> _The input_:
-------
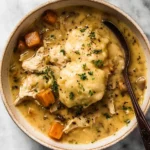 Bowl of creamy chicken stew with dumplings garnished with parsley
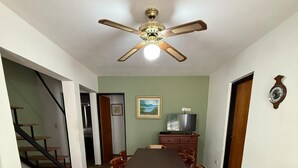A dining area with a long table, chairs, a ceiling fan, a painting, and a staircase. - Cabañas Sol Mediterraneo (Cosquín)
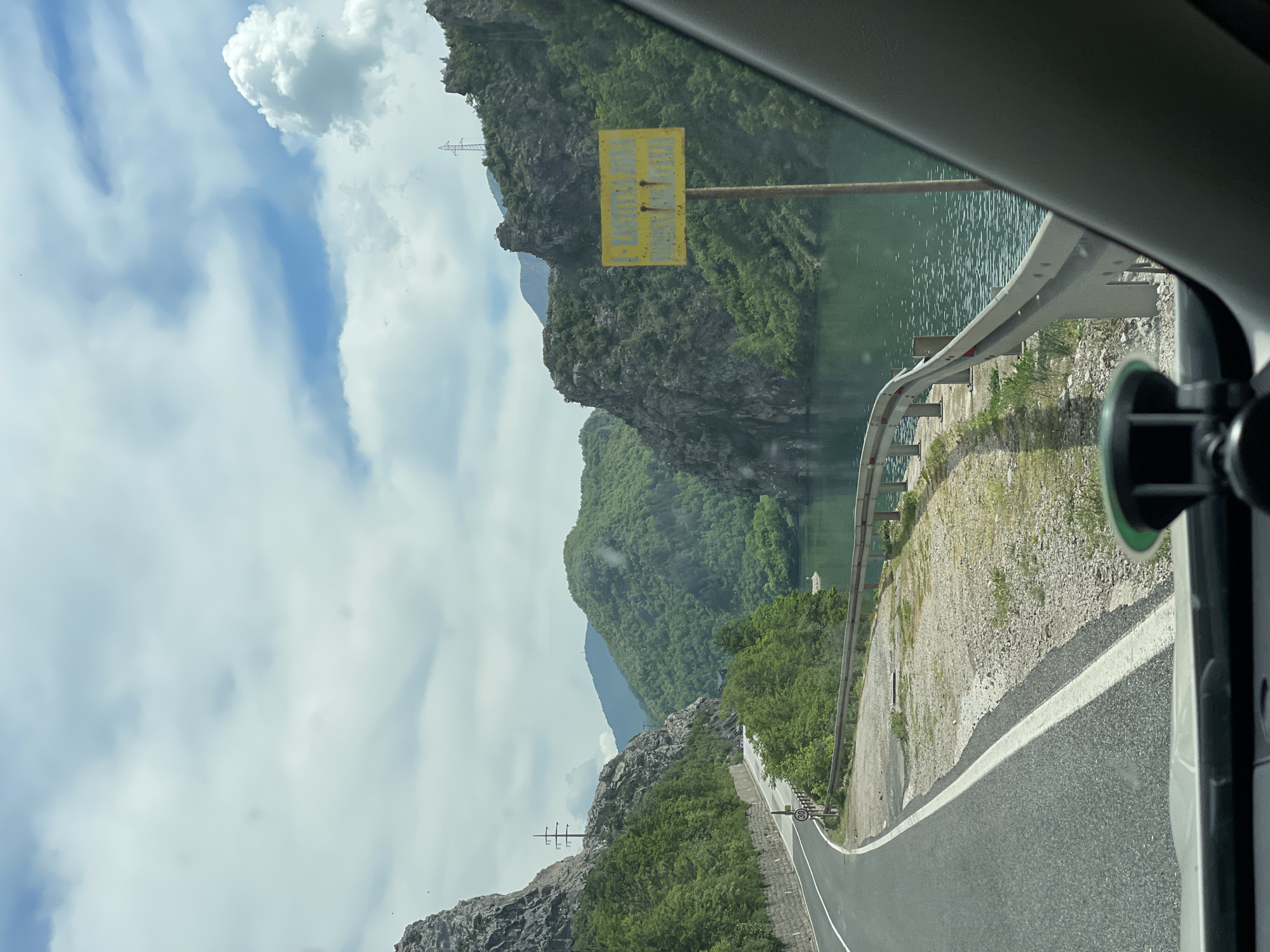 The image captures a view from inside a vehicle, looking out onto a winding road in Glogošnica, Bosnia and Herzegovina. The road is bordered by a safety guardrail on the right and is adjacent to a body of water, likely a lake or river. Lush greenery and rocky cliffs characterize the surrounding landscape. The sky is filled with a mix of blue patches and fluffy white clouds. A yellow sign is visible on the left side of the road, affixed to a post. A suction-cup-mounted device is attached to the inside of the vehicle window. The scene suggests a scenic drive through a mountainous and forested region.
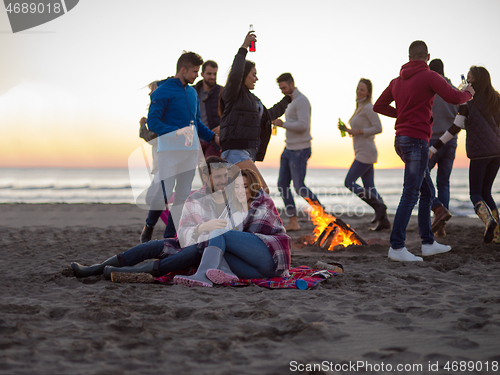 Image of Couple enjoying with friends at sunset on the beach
-------
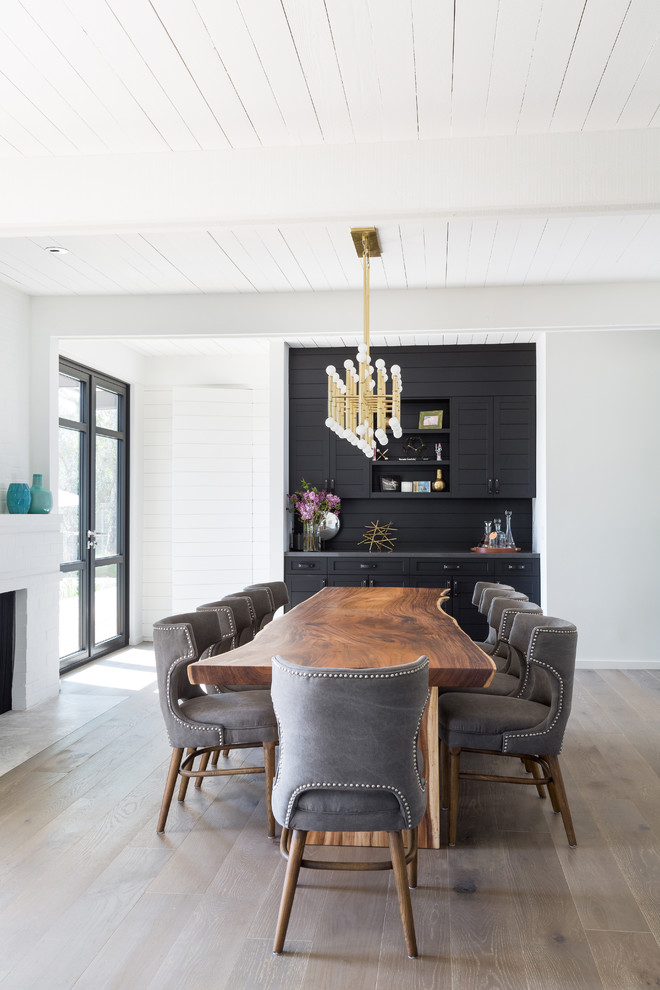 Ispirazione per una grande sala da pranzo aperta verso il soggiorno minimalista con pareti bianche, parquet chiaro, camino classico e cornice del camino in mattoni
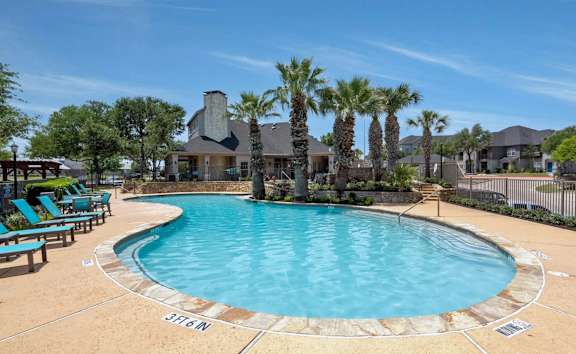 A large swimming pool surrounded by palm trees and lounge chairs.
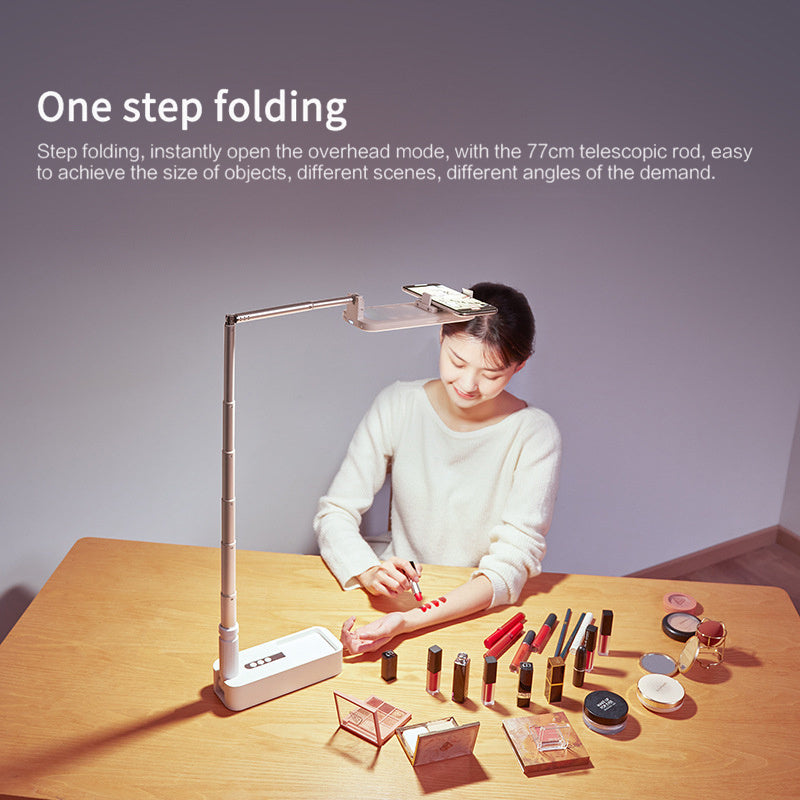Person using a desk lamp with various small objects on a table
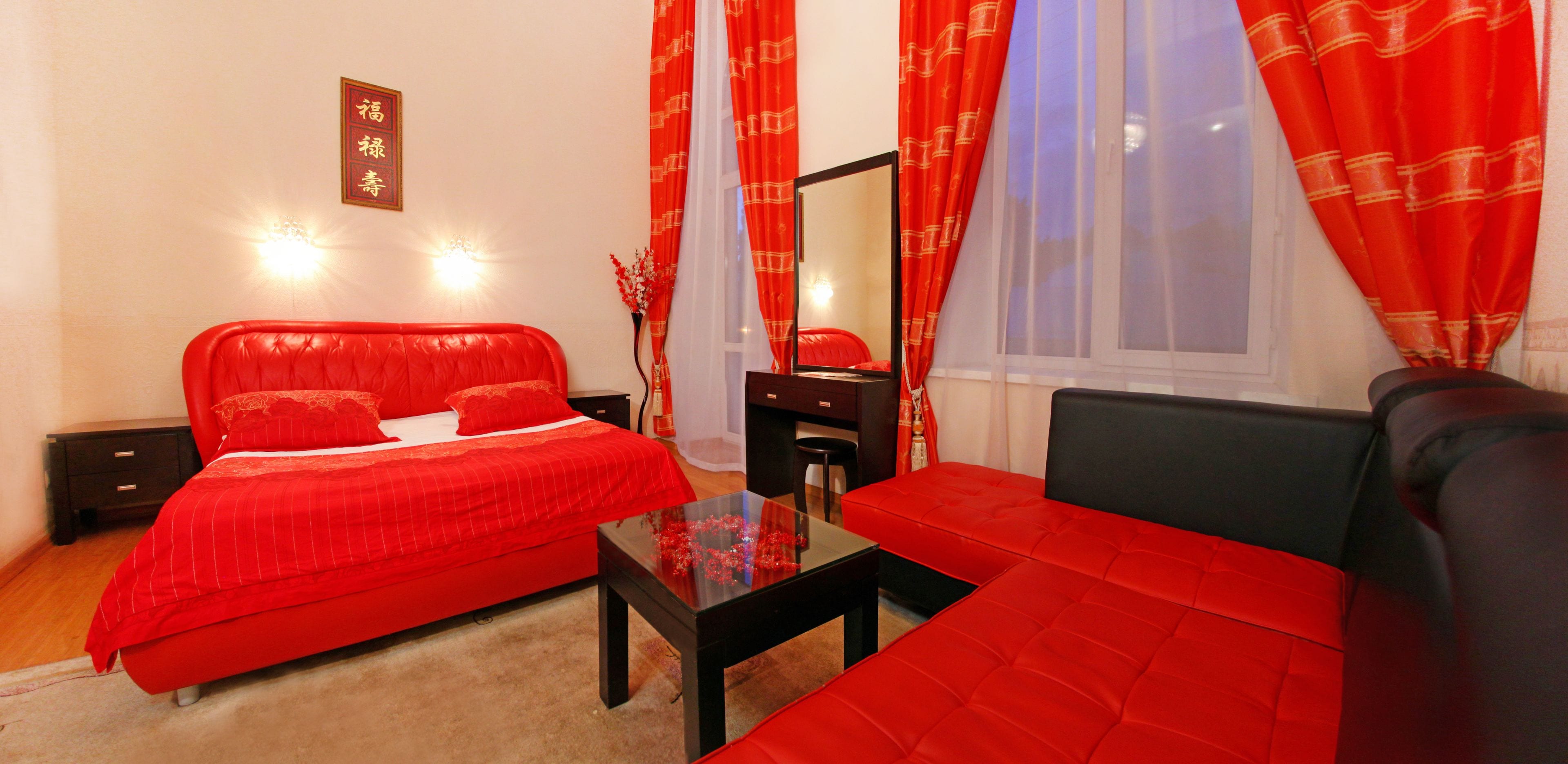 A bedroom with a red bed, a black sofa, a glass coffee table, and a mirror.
-------
> _Work task_:
Above are some records. Output exactly the lines from the one that contains "Bowl of creamy" to the one that contains "Image of Couple", keeping both, and omit the pictures.

> _Reply_:
 Bowl of creamy chicken stew with dumplings garnished with parsley
A dining area with a long table, chairs, a ceiling fan, a painting, and a staircase. - Cabañas Sol Mediterraneo (Cosquín)
 The image captures a view from inside a vehicle, looking out onto a winding road in Glogošnica, Bosnia and Herzegovina. The road is bordered by a safety guardrail on the right and is adjacent to a body of water, likely a lake or river. Lush greenery and rocky cliffs characterize the surrounding landscape. The sky is filled with a mix of blue patches and fluffy white clouds. A yellow sign is visible on the left side of the road, affixed to a post. A suction-cup-mounted device is attached to the inside of the vehicle window. The scene suggests a scenic drive through a mountainous and forested region.
 Image of Couple enjoying with friends at sunset on the beach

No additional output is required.